> _What you will do_
Your answer must consist of exactly the lines below, starting with the line with "Image of Kayra" and going on through the line with "istock Sardinian countryside", and nothing else.

[The input — start]

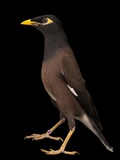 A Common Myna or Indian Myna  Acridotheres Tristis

[The input — finish]
[The input — start]

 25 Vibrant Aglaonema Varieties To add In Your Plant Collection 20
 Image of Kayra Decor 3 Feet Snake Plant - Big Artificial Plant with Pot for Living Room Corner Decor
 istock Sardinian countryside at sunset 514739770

[The input — finish]

> _Finished task_
 Image of Kayra Decor 3 Feet Snake Plant - Big Artificial Plant with Pot for Living Room Corner Decor
 istock Sardinian countryside at sunset 514739770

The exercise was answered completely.